In the dashboard, the top three panels tell you how much juice is left in your battery, and the space left on the internal and external storage devices. Then comes the CPU and RAM status, which could come in handy if you are trying to figure out why your phone is running slow.
At the bottom is a power widget strip that lets you toggle on and off a variety of settings from the phone. Think of it as the stock power widget on steroids. You get Wifi, bluetooth, GPS, Volume controls, brightness controls, 3G/edge toggle, airplane mode, auto rotation lock, auto sync toggle, screen timeout setting and unlock pattern settings. In the free version, this strip is what is provided by the app, with no customization whatsoever. If you have ever used other similar apps like Widgetsoid, the lack of customization can feel like an unnecessary limitation. One that I thing I found Mini Info did better than most others though, is the 3G/edge toggle.
Mini Info Dashboard
The way these sections work is not exactly consistent, though. Tapping the battery icon brings up a pretty comprehensive list of stats about your battery, including battery health – something I haven’t seen too many other apps do. There is also the ability to go to the stock battery usage screen or view a history log of the battery usage. Tapping the internal and external storage icons take you to the stock settings pages for managing apps and SD card settings respectively. Tapping the CPU & RAM meters simply refreshes them and the toggle bar is pretty obvious.
Battery Usage & History
The second key component of the app – like any self-respecting Android app these days – is the widgets. Unlike the dashboard, the widgets are pretty customizable and can made to look and behave the way to you want pretty easily. Unfortunately, the bulk of these customization options are only available after upgrading to the ‘pro’ version of the app.

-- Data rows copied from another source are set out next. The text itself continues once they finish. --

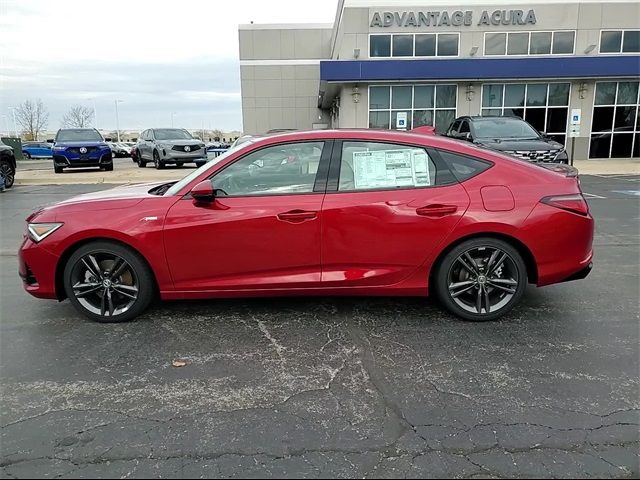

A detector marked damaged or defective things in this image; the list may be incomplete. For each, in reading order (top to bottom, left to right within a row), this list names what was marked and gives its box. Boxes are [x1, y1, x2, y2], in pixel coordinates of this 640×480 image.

cracked asphalt [0, 177, 636, 480]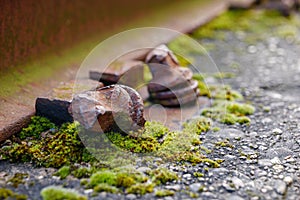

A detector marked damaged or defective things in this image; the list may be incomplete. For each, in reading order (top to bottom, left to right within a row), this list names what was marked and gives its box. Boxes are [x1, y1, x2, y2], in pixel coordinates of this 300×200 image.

corroded fastener [145, 43, 197, 106]
corroded fastener [71, 84, 145, 133]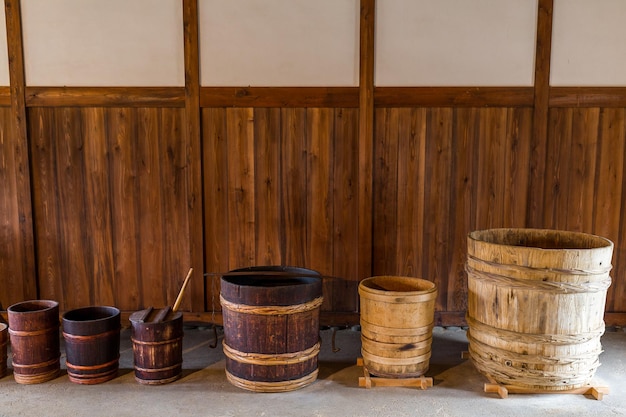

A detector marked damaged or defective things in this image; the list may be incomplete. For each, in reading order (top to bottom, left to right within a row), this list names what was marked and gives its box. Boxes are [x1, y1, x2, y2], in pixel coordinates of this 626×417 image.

rusty metal band [218, 296, 322, 316]
rusty metal band [66, 354, 119, 370]
rusty metal band [222, 340, 320, 366]
rusty metal band [224, 368, 316, 392]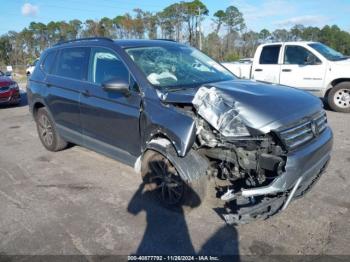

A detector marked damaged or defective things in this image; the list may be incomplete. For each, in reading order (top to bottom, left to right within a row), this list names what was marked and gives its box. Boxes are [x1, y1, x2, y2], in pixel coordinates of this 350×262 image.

broken headlight [193, 87, 250, 138]
crumpled hood [159, 79, 322, 133]
damaged front end [191, 86, 330, 225]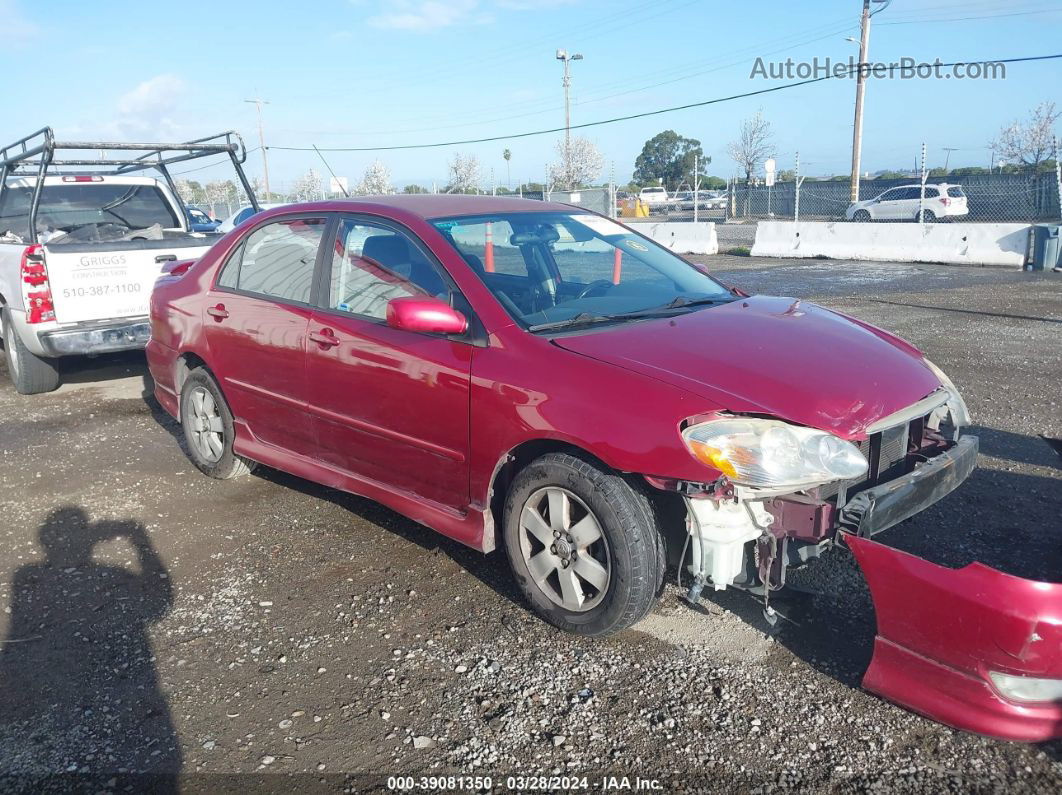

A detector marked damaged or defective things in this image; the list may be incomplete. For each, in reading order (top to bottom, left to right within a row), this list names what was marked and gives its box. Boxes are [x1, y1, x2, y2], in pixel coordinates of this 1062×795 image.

damaged front end of car [654, 375, 1062, 742]
detached red bumper cover [845, 530, 1062, 742]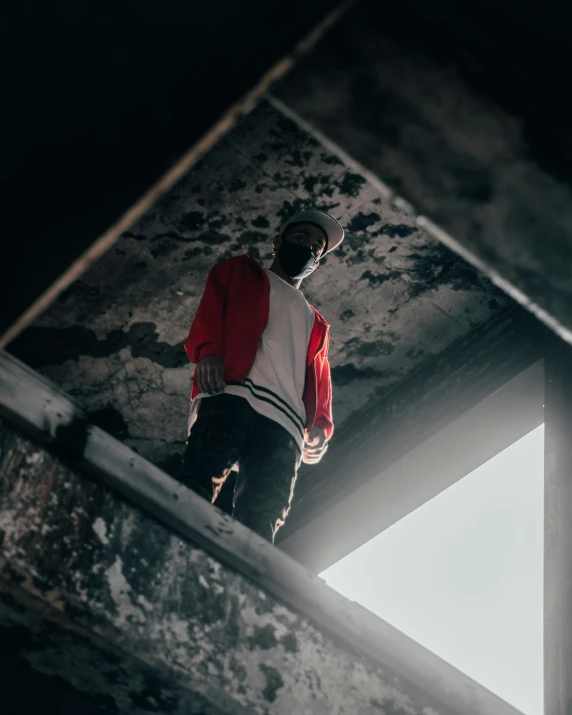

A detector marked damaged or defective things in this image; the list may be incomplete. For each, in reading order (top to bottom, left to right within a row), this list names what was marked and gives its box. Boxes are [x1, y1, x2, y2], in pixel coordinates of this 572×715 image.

cracked concrete edge [0, 348, 524, 715]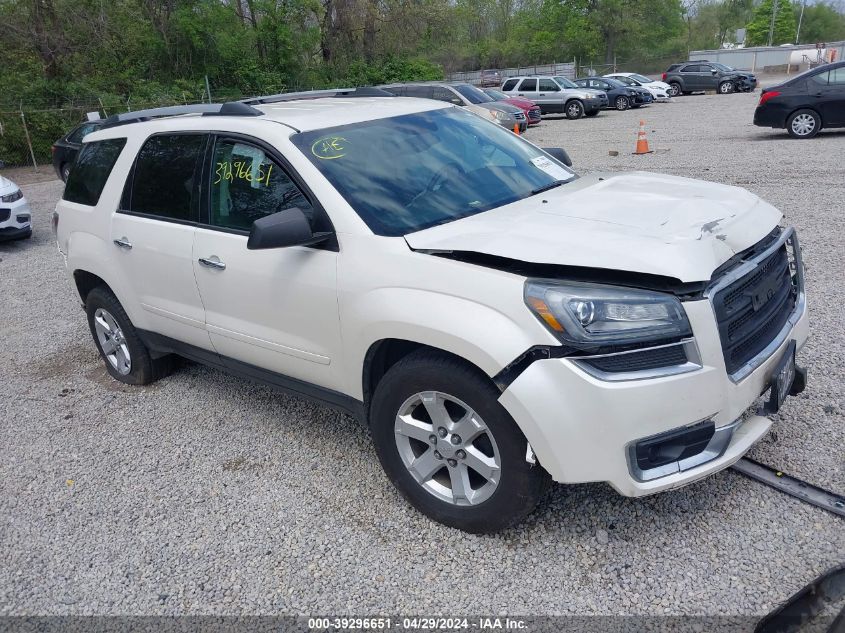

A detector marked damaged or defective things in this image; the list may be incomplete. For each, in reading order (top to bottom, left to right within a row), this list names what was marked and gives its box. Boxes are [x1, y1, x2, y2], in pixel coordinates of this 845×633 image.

cracked headlight [520, 278, 692, 344]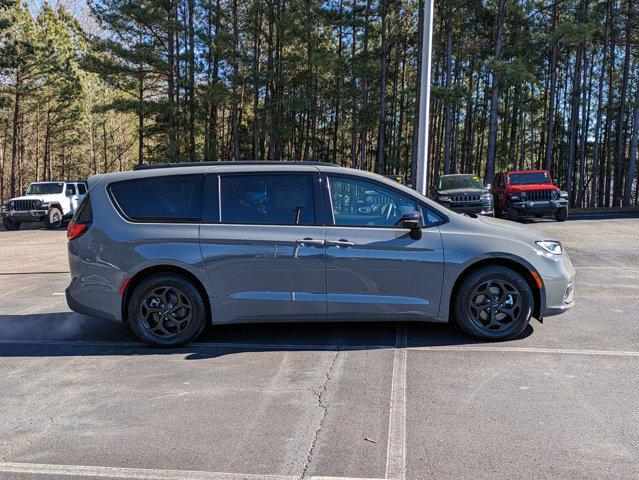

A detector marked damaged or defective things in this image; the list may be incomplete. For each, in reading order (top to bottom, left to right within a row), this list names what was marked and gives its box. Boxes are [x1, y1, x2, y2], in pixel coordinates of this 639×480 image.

crack in asphalt [302, 346, 342, 478]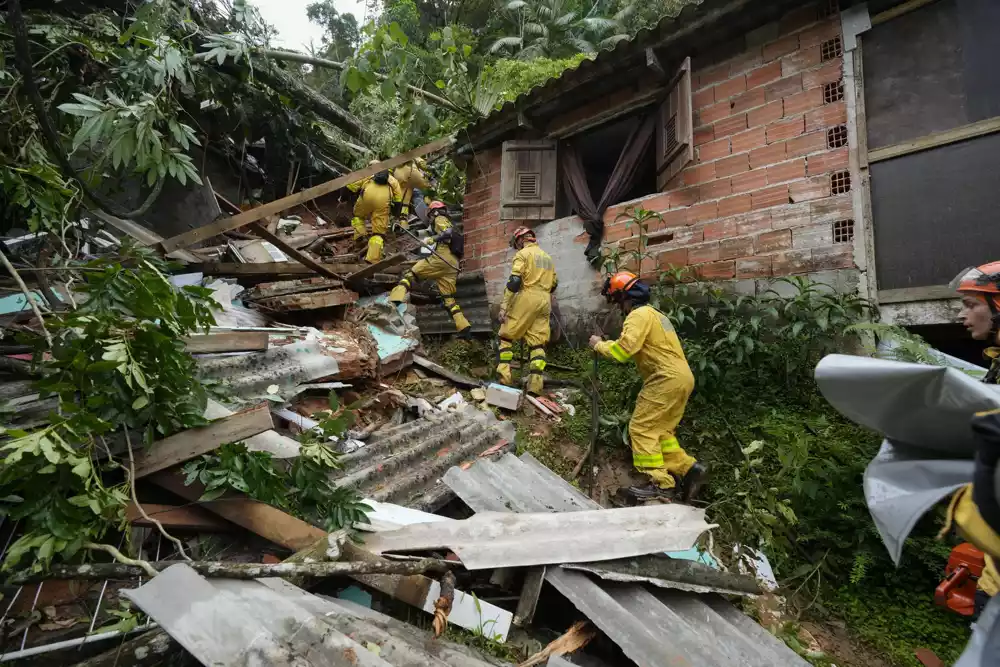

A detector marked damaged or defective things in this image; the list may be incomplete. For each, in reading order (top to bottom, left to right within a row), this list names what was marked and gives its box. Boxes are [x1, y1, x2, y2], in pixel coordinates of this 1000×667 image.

broken wooden beam [158, 137, 456, 252]
broken wooden beam [248, 222, 346, 280]
broken wooden beam [344, 252, 406, 280]
broken wooden beam [254, 288, 360, 314]
broken wooden beam [180, 332, 266, 354]
broken wooden beam [133, 404, 276, 478]
broken wooden beam [124, 504, 233, 536]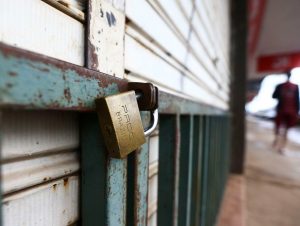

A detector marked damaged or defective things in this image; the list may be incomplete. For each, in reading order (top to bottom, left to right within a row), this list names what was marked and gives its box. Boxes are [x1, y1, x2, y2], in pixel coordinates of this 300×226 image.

rusty metal gate [0, 42, 231, 224]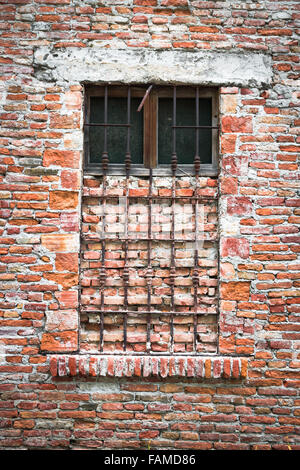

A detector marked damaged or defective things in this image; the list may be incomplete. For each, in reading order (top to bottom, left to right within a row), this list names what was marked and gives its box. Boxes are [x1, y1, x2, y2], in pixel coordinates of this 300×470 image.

rusty iron bar [137, 83, 154, 111]
corroded metal grate [81, 85, 219, 356]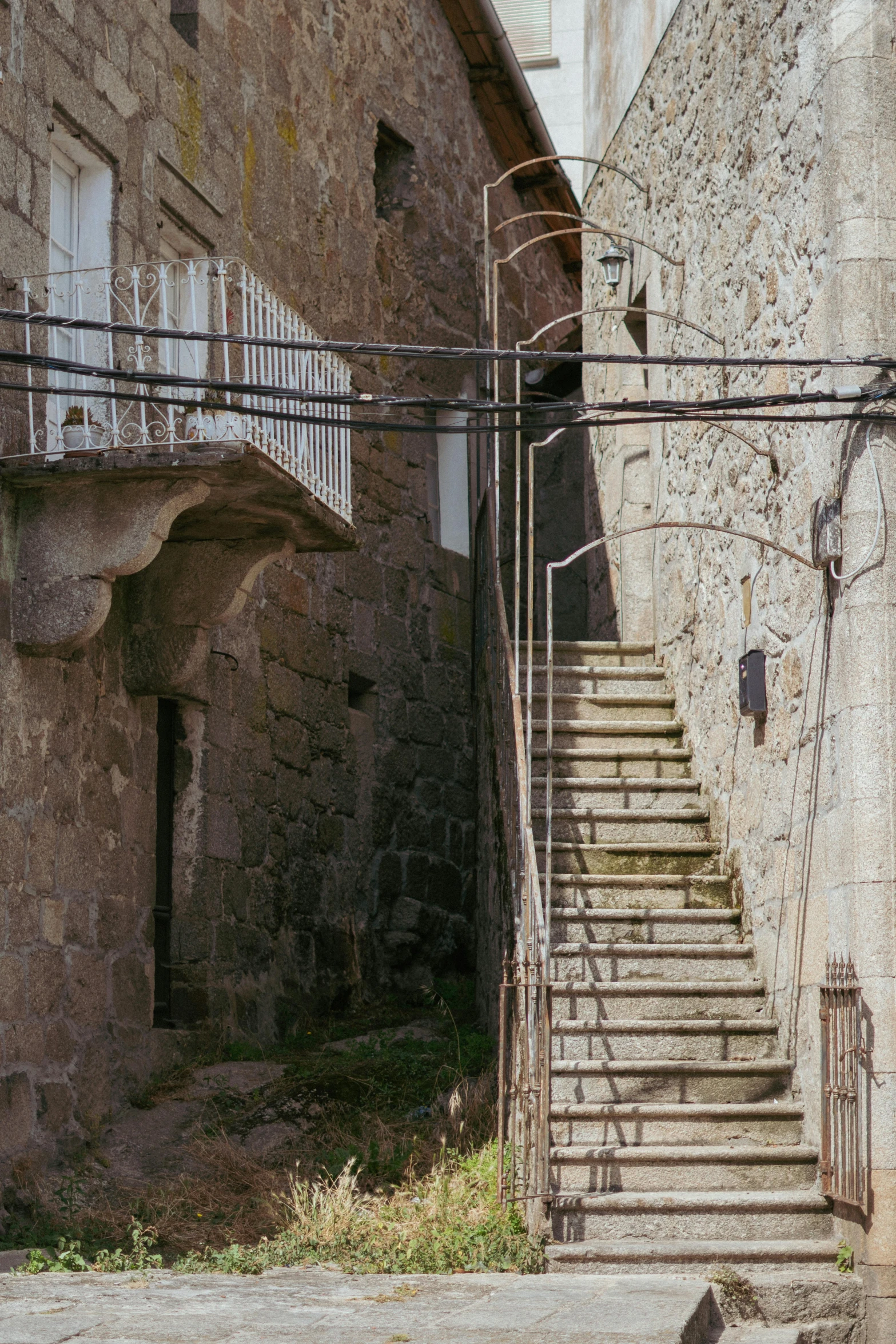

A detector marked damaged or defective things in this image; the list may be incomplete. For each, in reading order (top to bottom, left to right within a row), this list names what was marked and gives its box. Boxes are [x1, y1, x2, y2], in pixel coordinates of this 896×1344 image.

rusty iron railing [475, 492, 553, 1231]
rusty iron railing [822, 957, 865, 1210]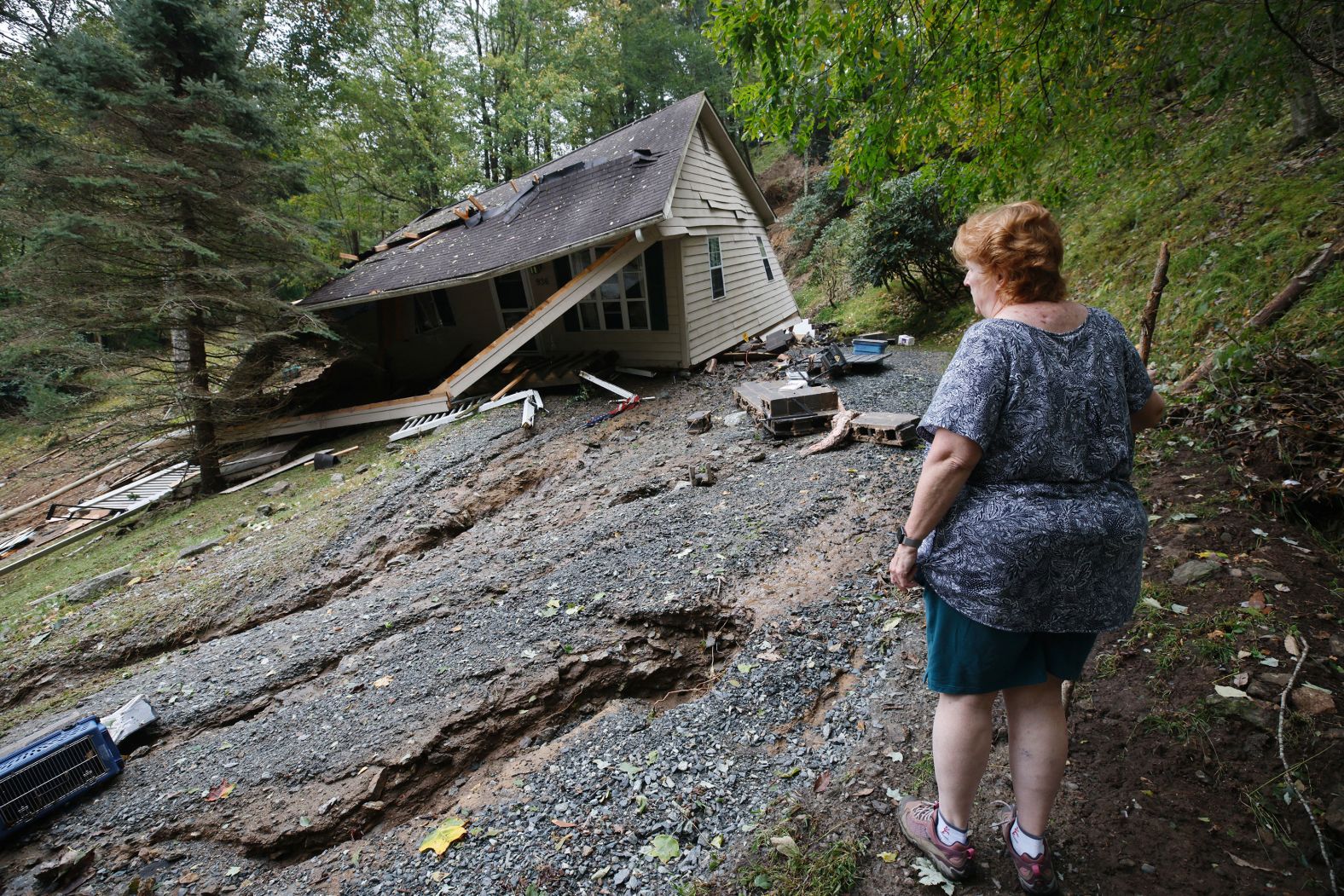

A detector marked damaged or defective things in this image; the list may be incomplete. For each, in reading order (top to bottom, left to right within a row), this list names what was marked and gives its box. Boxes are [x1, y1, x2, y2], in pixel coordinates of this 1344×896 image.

damaged roof [299, 91, 720, 309]
broken lumber [1139, 240, 1172, 365]
broken lumber [1177, 236, 1344, 395]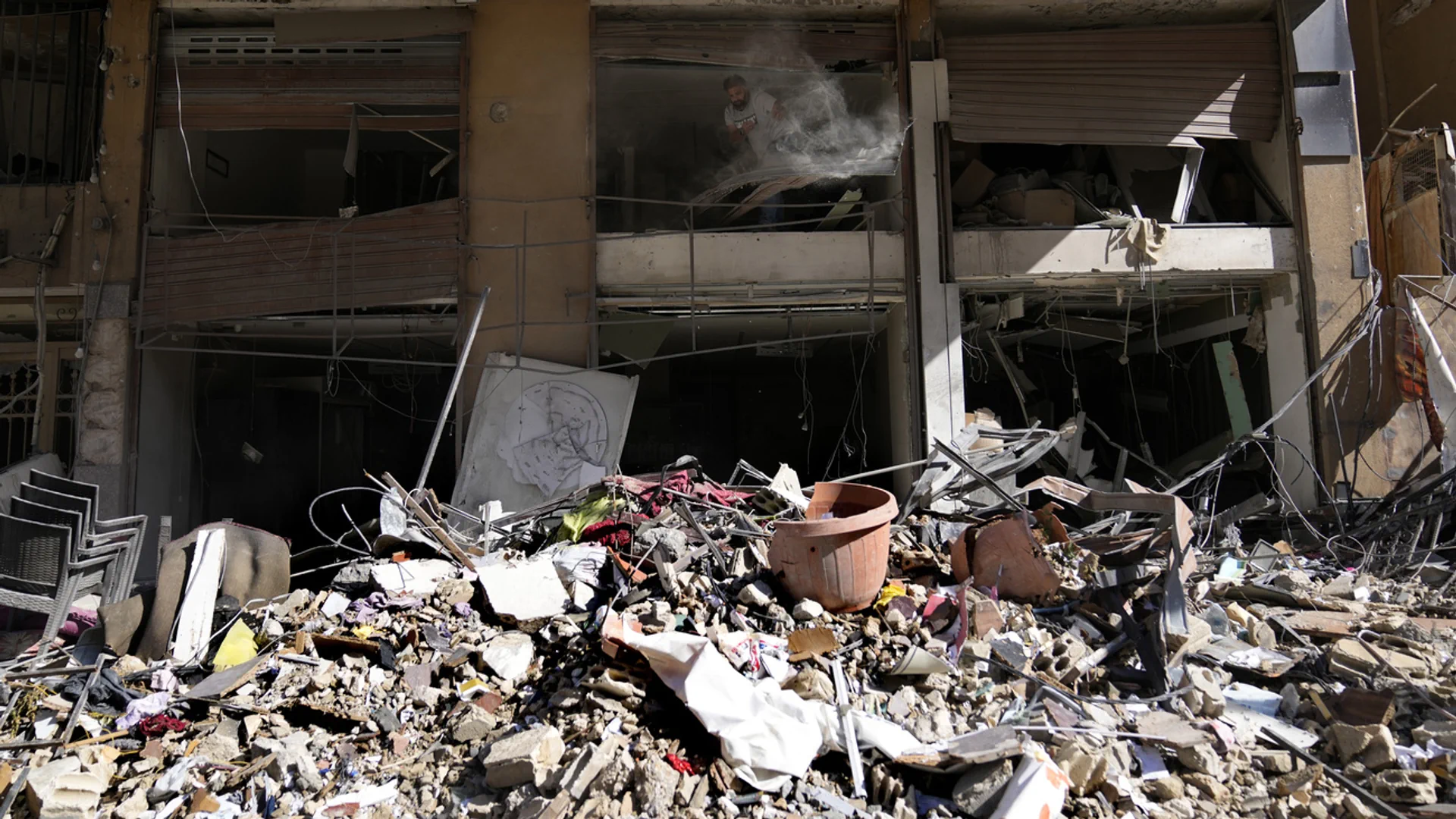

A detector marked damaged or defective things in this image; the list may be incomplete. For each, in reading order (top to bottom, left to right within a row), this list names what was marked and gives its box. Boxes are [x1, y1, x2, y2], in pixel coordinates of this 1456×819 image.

On the cosmetic side, you get a choice of a bunch of widget backgrounds and colors, although the real fun starts with the widget types. You have a choice of a two or three column layouts, two rows and a detailed single-purpose widget. Interestingly, the column and row layouts can be expanded to up to 5 rows or columns, although you will need a launcher replacement that lets you resize your widgets to be able to make out anything from the crammed 3-column widget with 5 icons. For the icons, the choice is between battery, internal storage, external storage, CPU & RAM.
Once I had set up the widgets the way I wanted, I expected them to do more when I tapped them. Unfortunately all I got on tapping any of the widgets was the dashboard opening up. This feels really basic. Although the basic app is free, upgrading to the ‘Pro’ version costs around $2 and brings with it options to customize pretty much every aspect of the app – from the order of icons in the power widget to the color of the progress bars and widget backgrounds.
Settings Screen & Pro Version Details
Interestingly, there is no way to set the strip of toggle options as a widget on the desktop. You need to tap a widget to go into the main screen of the app to be able to access any of those settings.
The app is not perfect by any means. Beyond the dashboard screen, there’s very little depth at all; it simply points you to the stock Android settings screens for further details or for any tweaking required. That the free app continuously nags me to add a five star rating on the market doesn’t earn it any Brownie points either. I would have loved for the app to provide some more in-depth analysis of how the device is doing and also some troubleshooting capabilities thrown in.
In the end, Mini Info is a neat little app that will work for you if you like to see a consolidated view of your phone’s system resources. For fine level control on the settings or to help tweak the system, you may want to look elsewhere.